Why does the Stateless Approach section not bring up the CAP theorem? It has the same issues as the distributed file system.
Why doesn’t the author suggest putting your data in a database? Using something like an RDBMS gets you off your single server at the cost of availability.
Why doesn’t the author talk about how to get around the CAP theorem. For example, if you craft your data intelligently you can be eventually consistent.
This is just weak sauce advice.
Ah, I see the source of your confusion.
This article doesn’t mean to talk about traditional database state at all. That’s a completely separate topic. All we’re talking about here is file system state. Which is why in the Stateless Approach section, there’s no need to discuss CAP, because nothing is being distributed.

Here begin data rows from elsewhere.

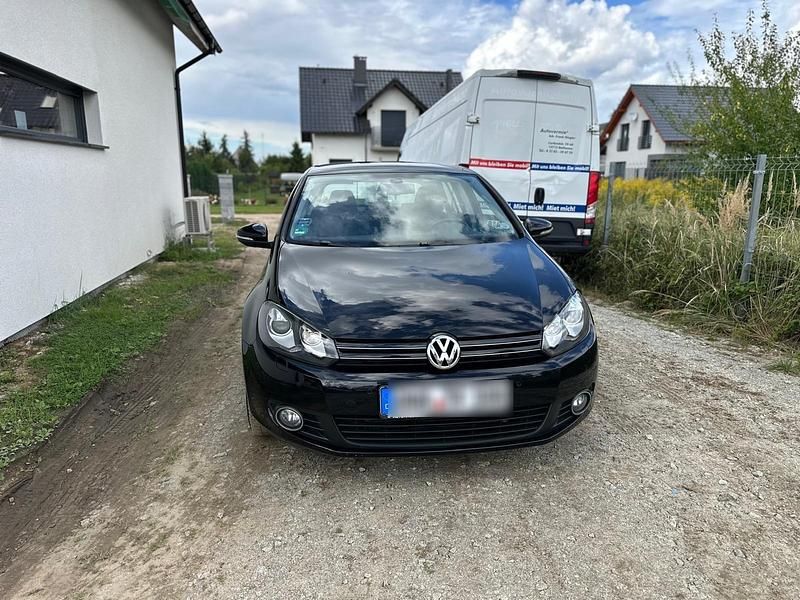 Schwarz Gebraucht 2009 VW Golf VI Kleinwagen | 4.500 € (Fairer Preis) - Bild 1/4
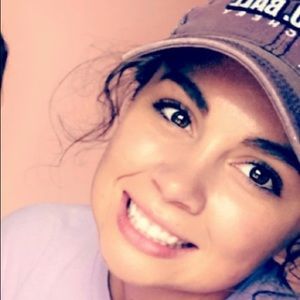 Meet your Posher, Kenzie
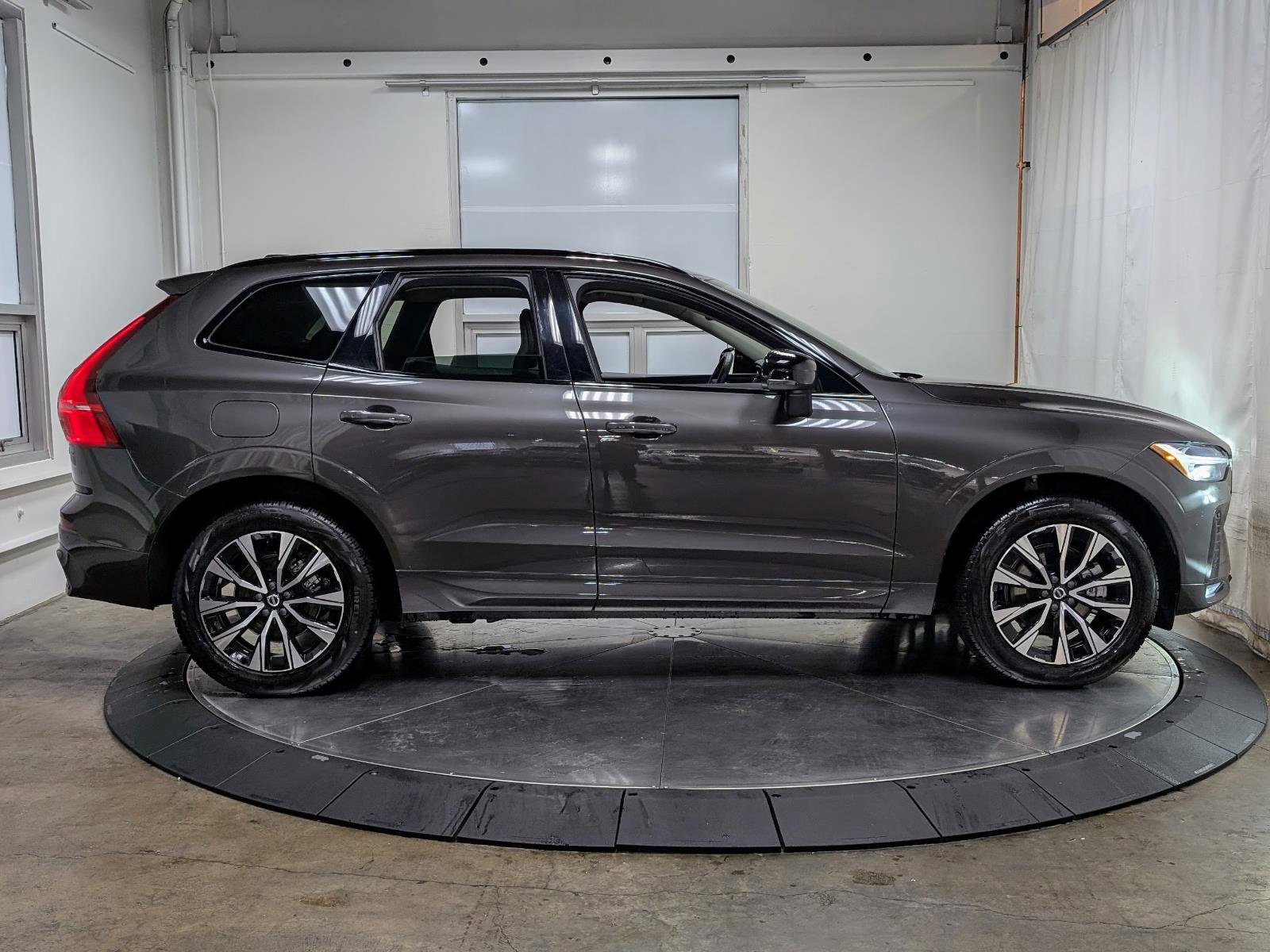 Used 2025 Volvo XC60 B5 Core AWD/4WD image 10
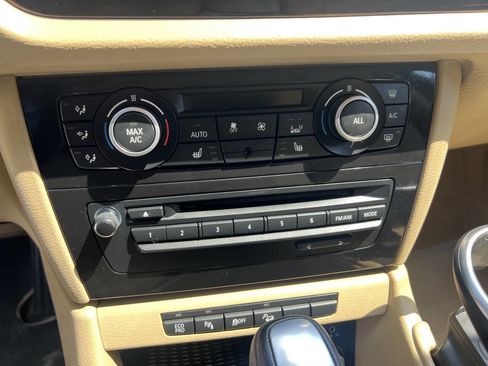 Used 2014 BMW X1 xDrive35i AWD/4WD image 12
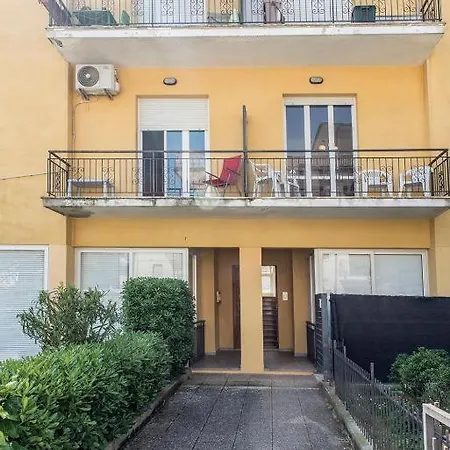 Trilocale A 50mt Dal Mare, - M077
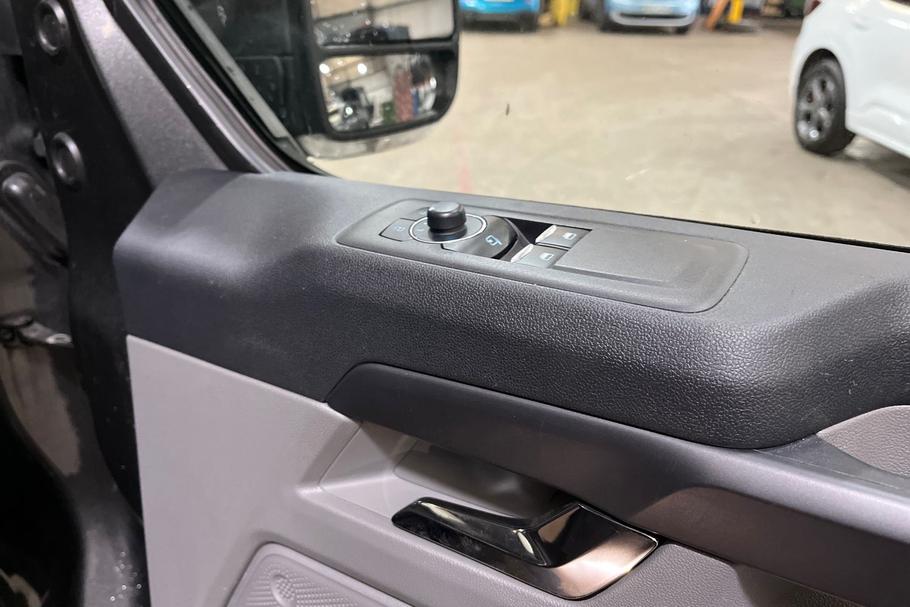 Used FORD TOURNEO CUSTOM YS25XNV 16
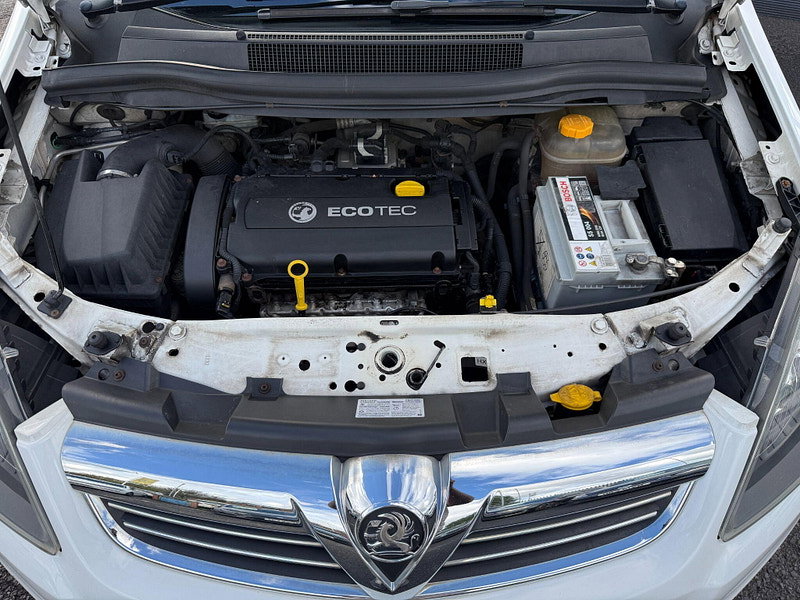 Vauxhall Zafira 1.6 16V Exclusiv Euro 5 5dr 5dr Manual 2012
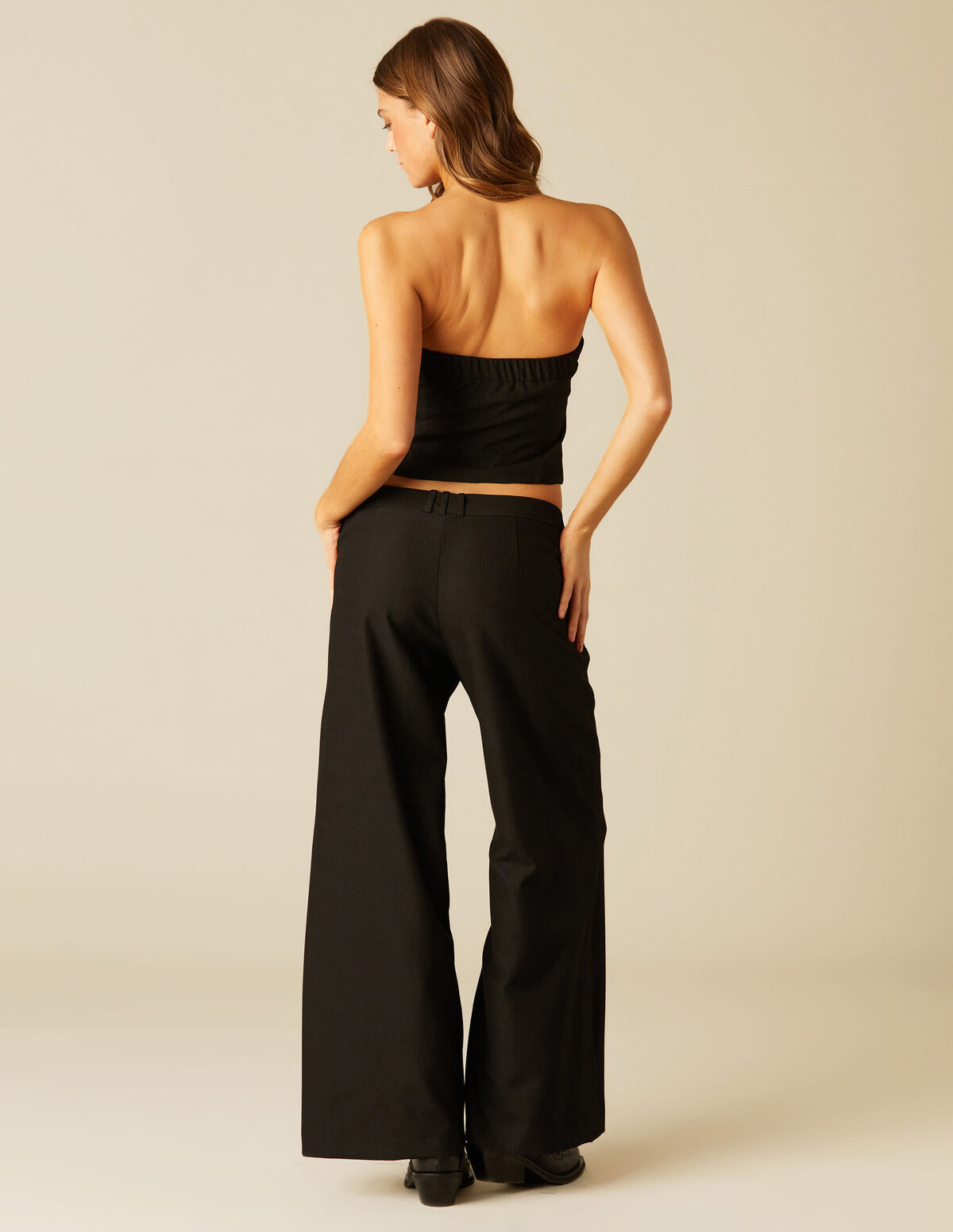 PANTALÓN ANCHO NEGRO TEXTURA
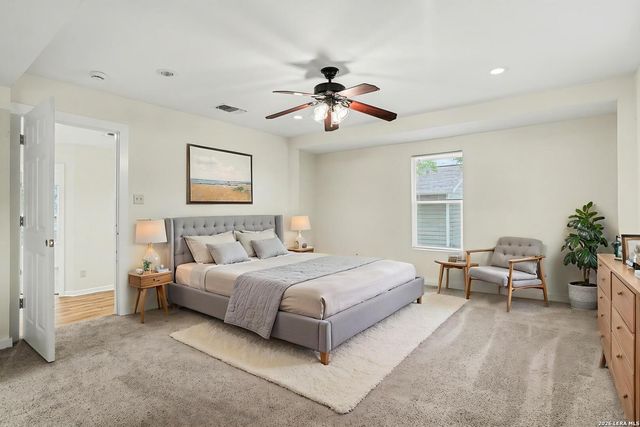 205 BALCONES HEIGHTS RD, Balcones Heights, TX 78201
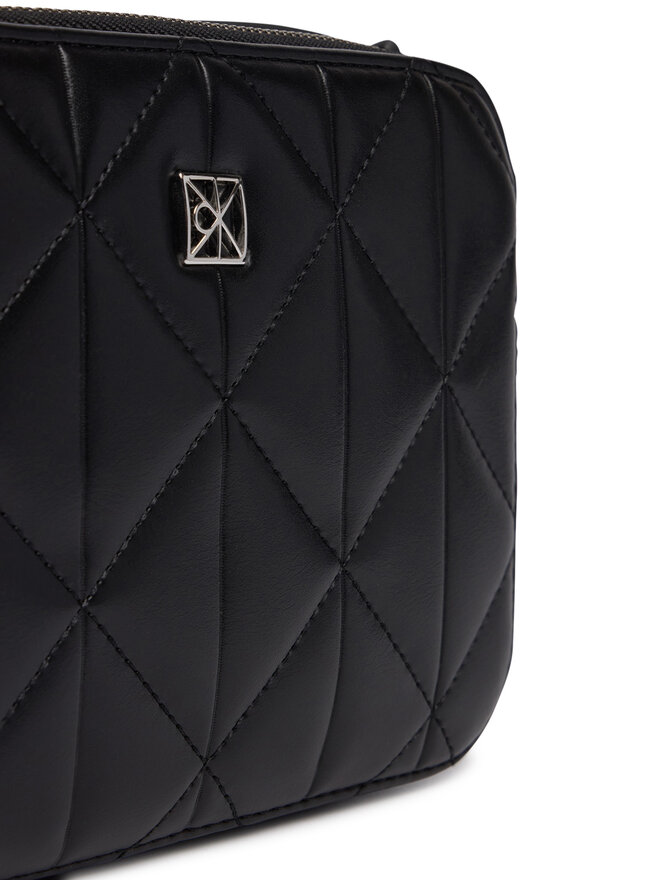Calvin Klein Handtasche Calvin Klein Quilted Double Zip Camera Bag LV04F3328G Schwarz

The file system is either read only, or completely temporary.
Similarly, the An Alternative approach hopes to address the idea that you can get around the CAP theorem for file systems. The summary is: you can’t, if your app is expecting POSIX semantics.
Perhaps I’m misunderstanding this sentence:
It might be as simple as switching to uploading files to S3 instead of the file system, though this will also mean converting your code to use an S3 library for manipulating files
This implies to me that when writing to a file you push to S3 rather than the local filesystem.
Regardless, I think this post leaves a lot to be desired and is more-or-less a fluff piece.
Your understanding of that sentence is correct. What I’m suggesting is that for any file you need to persist, you write it directly to a service like S3. For anything temporary, write it to the filesystem as normal.
This post is the fourth in a series:
The series as a whole is attempting to address the question:
“I have a legacy off-the-shelf app like WordPress that expects to be able to write files to the local filesystem. How do I deploy this app in the cloud while taking advantage of everything the cloud has to offer.”
A lot of people approach this problem by deploying WordPress (or whatever) onto a single server, and just scaling that up. But this is no different from the traditional VPS model of hosting! You may as well not use a PaaS. You’re certainly not getting your money’s worth if you’re doing this. (And you’re going to get a nasty shock when AWS “degrades” your single instance…)
But if you want to distribute something like WordPress across multiple instances, then some changes need to be made. And this series attempts to explain what those changes are, and why they are necessary.
Your understanding of that sentence is correct. What I’m suggesting is that for any file you need to persist, you write it directly to a service like S3.
Which puts you right back into CAP land.
Ah, no. Well, it’s different. Off-the-shelf apps like WordPress assume a POSIX interface for writing out files. That’s where the problem lies. You can’t distribute that without changing your assumptions. So if you change your code to write any files that must be written to something like S3, you are changing those assumptions.
There’s no need to mitigate it any more, because you’re embracing it.
Is S3 as flexible as local files? Can you open an S3 file in append mode?
An issue I’ve encountered when building systems on top of networked file stores is that operations like truncate, append, and inotify are not available. This stymies developers who don’t know the design patterns for working on data systems without those features.
The article states:
Consistency, availability, and partition tolerance. Pick two.
It’s been pointed out that this formulation of the CAP theorem doesn’t make sense. You can’t pick CA.
Oh. I saw this a while back, but didn’t get a chance to read it. Thanks for reminding me!
I think that the author left out an important class of sharable POSIX filesystems: Lustre, Gluster, NFS, MapR, and the like.
These filesystems accept varying degrees of write load, but all scale to hundreds, or even thousands, of machines, if operated properly (and not used in a general purpose way). Applying these correctly, a business can avoid a costly refactor of a filesystem-based app, but still scale out effectively.